Finally, someone is telling the truth about the plight of journalists -- and not just journalists, but also composers and other creators of what we like to call "content" today. As a journalist and composer, I constantly hear that my work should be given away for free, as if everybody on the internet had an automatic right to read, hear and perform it without any compensation to the person who wrote it.
And yes, newspapers have helped kill themselves by giving away their content for free ... but so have sites like Artsjournal, which cannibalize and pillage the work of the remaining viable media outlets. What will happen to Artsjournal when it, and others like it, have assisted most of the "real' news sources into the grave? The organization certainly doesn't have a significant staff of international real journalists who can provide the content they now grab from existing media sources. But since so many people think that any blogger is the equivalent of a professional journalist, perhaps that distinction will cease to matter to on-line readers.
I know it's rare, but there are people who make money with blogs by providing solid and regular content. It can be commercialized. So when people are encouraged to blog, it's not necessarily a call to give work away - just as we don't pay for a television news report seen in a bus station, the costs are still there, just not experienced directly.

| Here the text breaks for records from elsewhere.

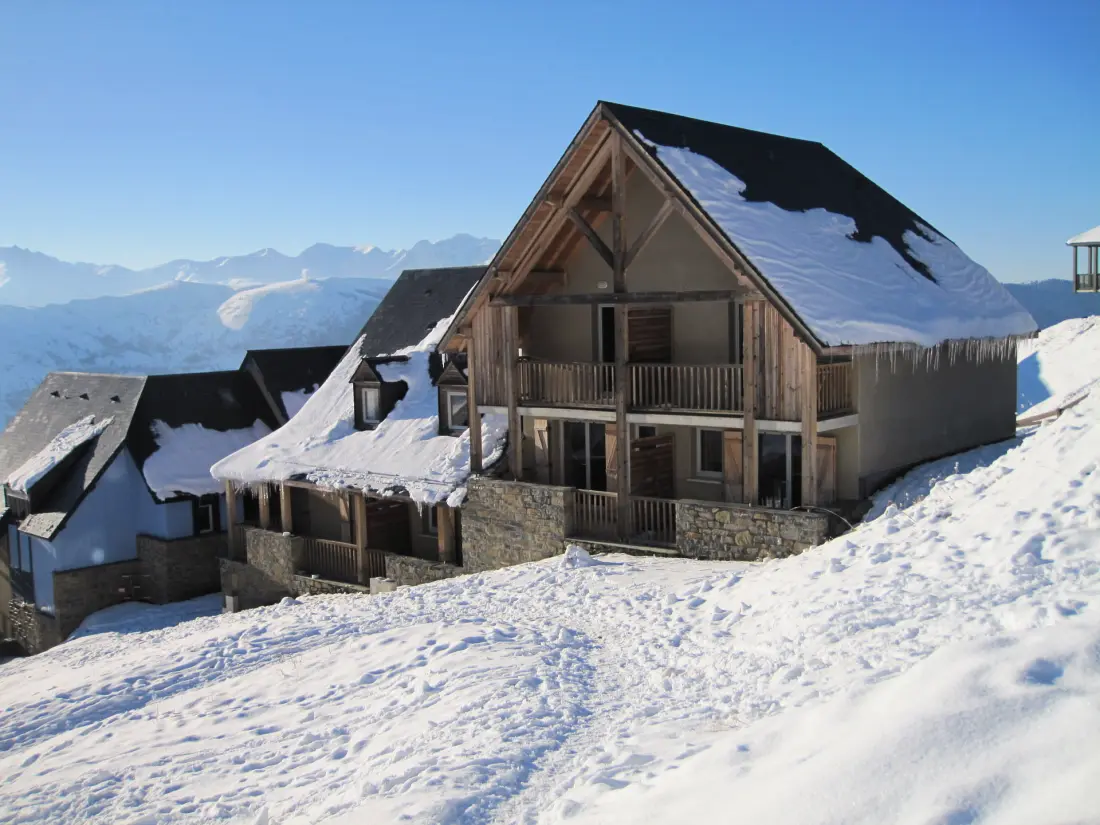 Résidence Hameau De Balestas Mp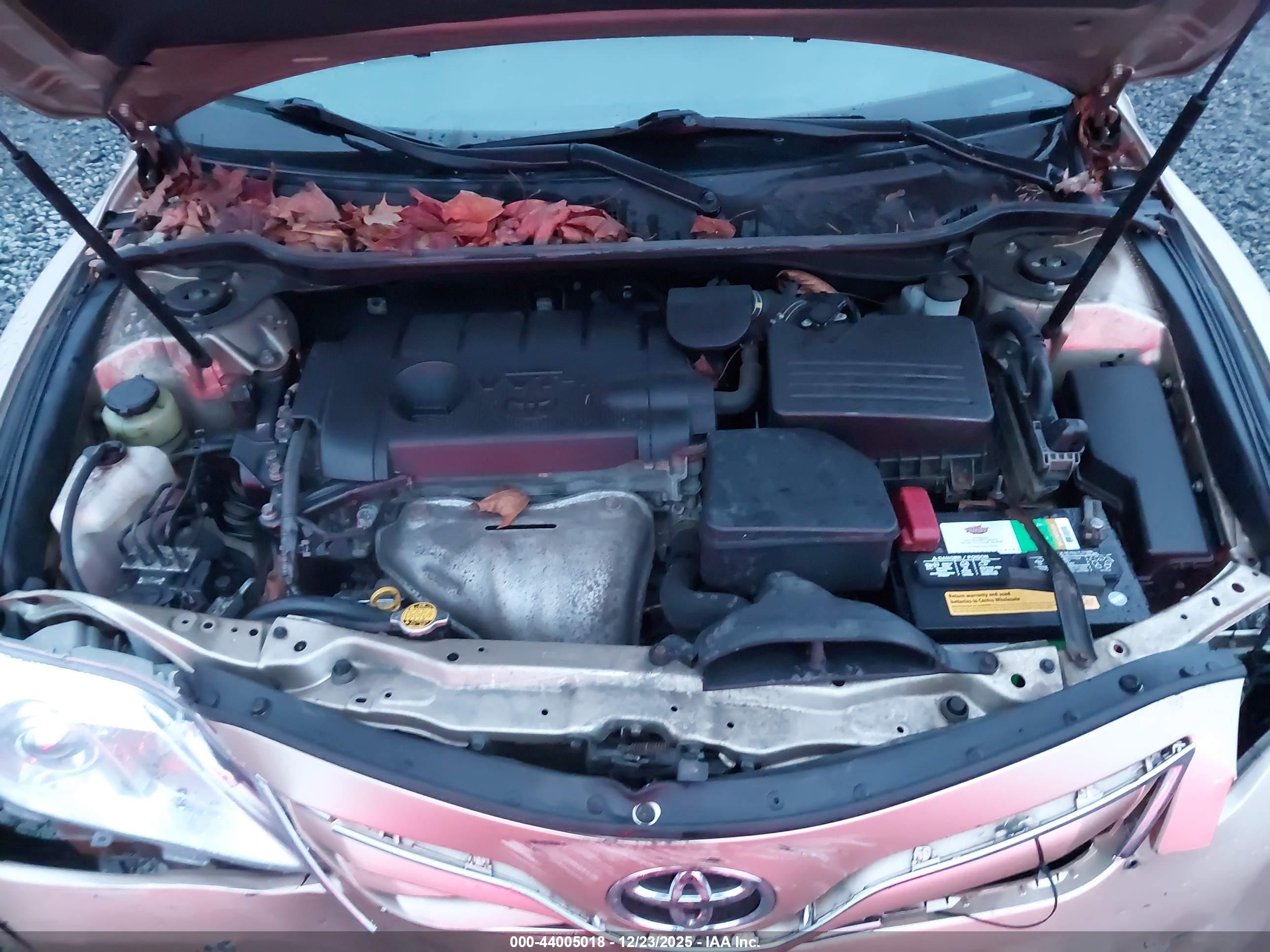 TOYOTA CAMRY image 10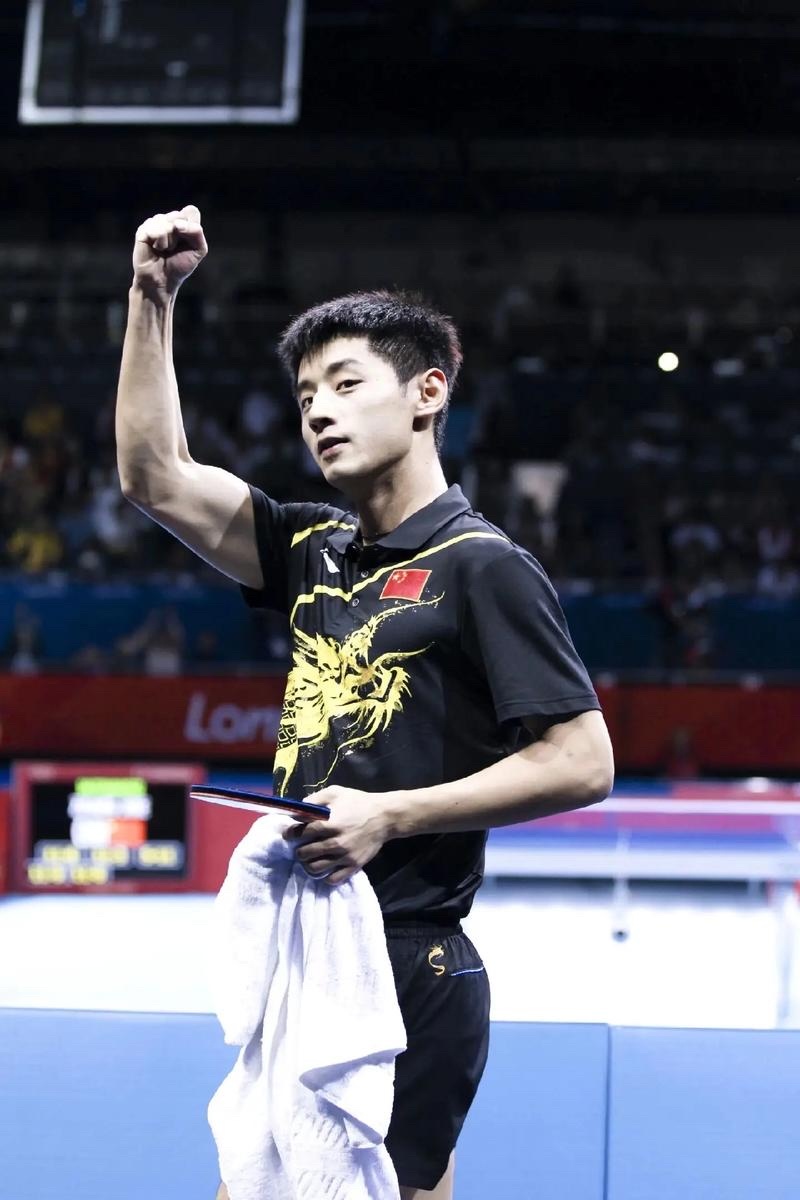 马龙 许昕都配双打支撑国乒梯队建设那张继科呢 最快大满贯得主 好久可以回来打比赛
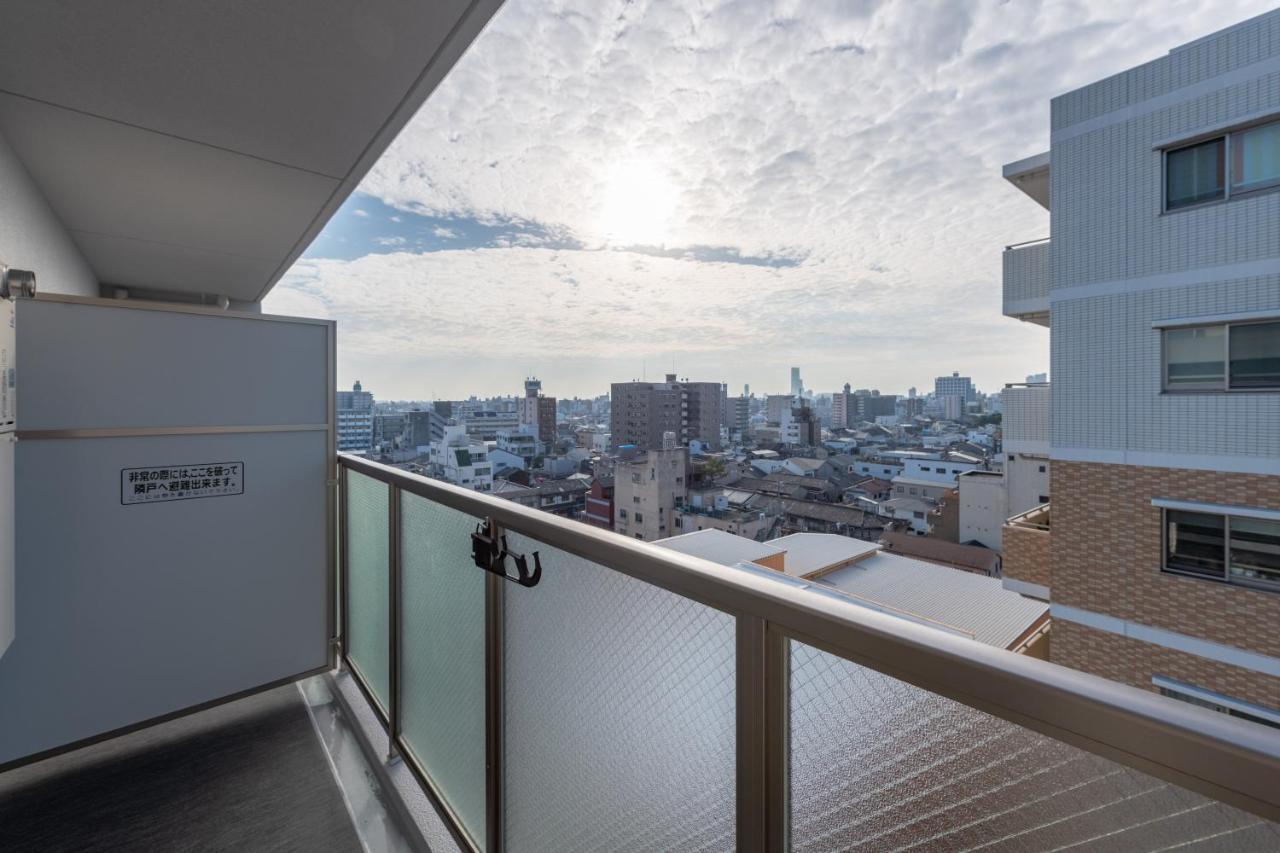 Floral - Happy Stay House Ōsaka Extérieur photo
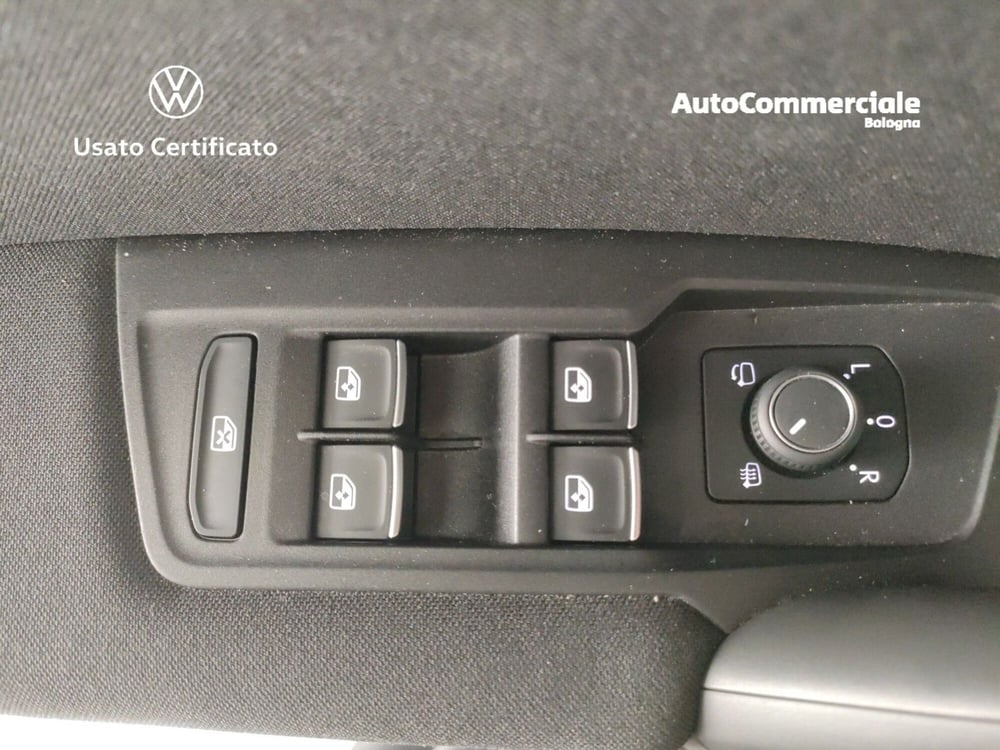 Volkswagen Tiguan usata a Bologna (9)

Now, a lot of the greatest blog content is available commercial free and done by people who don't get paid, but that is often a choice - aesthetic for me, since I simply don't like advertisement on my site, but still a choice.
Amen, Laura.
Arguably the greatest-ever critic and most impressive personage to have written about the arts in English was Samuel Johnson, who said, "No man but a blockhead ever wrote, except for money." Johnson was a father to all essayists, columnists and bloggers -- but you had to pay twopence for each piece he published in his series, "The Rambler."
And surely no sane man or woman ever cracked open a Form 990 or an audited financial statement to do real nuts-and-bolts arts reporting (then called up an arts organization's executive director or CFO with follow-up questions), or did an extensive preparatory Factiva/Nexus/Web search before an interview with an artist -- except for money.
Opinion comes cheap; good or even merely competent reporting is work beyond the comprehension of those who fancy themselves journalists without ever having done it.
As someone or other once said, "You get what you pay for."
Brava, Laura.
About time someone said it, and so well.